Please copy the data below exactly; none of the pictures in it belong in the copy.

Dataset excerpt:

□ □ □ □ □

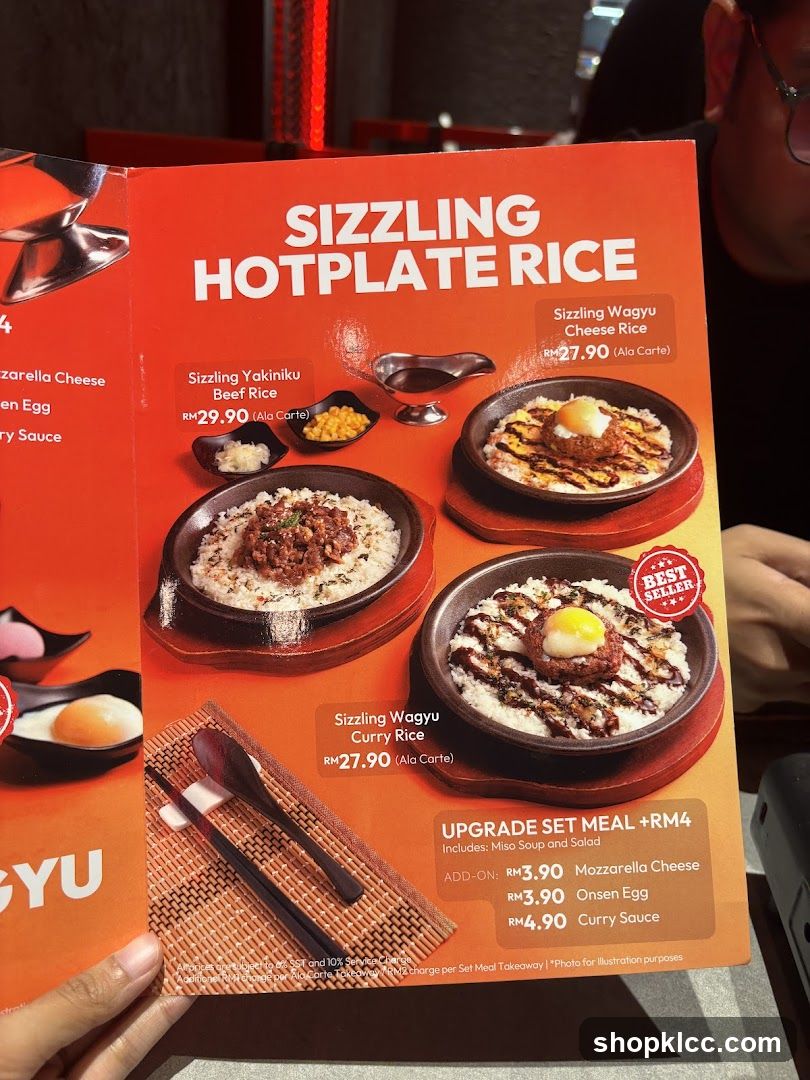 Sizzling Hotplate Rice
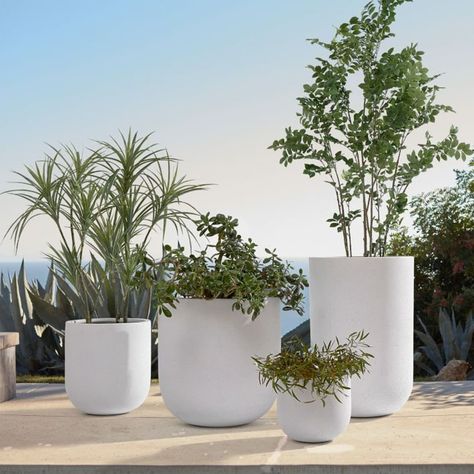 Made from an easy-to-move lightweight composite, our Radius Planters are a great addition to your home. White Planter Pots, Planter Liners, Tub Deck, Garden Tattoos, Outdoor Designs, Garden Drawing, Backyard Remodel, Indoor Outdoor Planter, Outdoor Planter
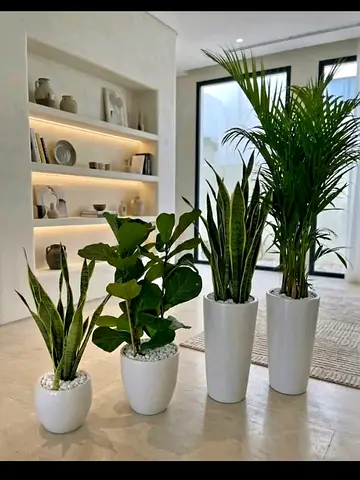 Elegant Indoor Potted Plants for a Fresh Ambiance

□ □ □ □ □

Task solution:
 Sizzling Hotplate Rice
 Made from an easy-to-move lightweight composite, our Radius Planters are a great addition to your home. White Planter Pots, Planter Liners, Tub Deck, Garden Tattoos, Outdoor Designs, Garden Drawing, Backyard Remodel, Indoor Outdoor Planter, Outdoor Planter
 Elegant Indoor Potted Plants for a Fresh Ambiance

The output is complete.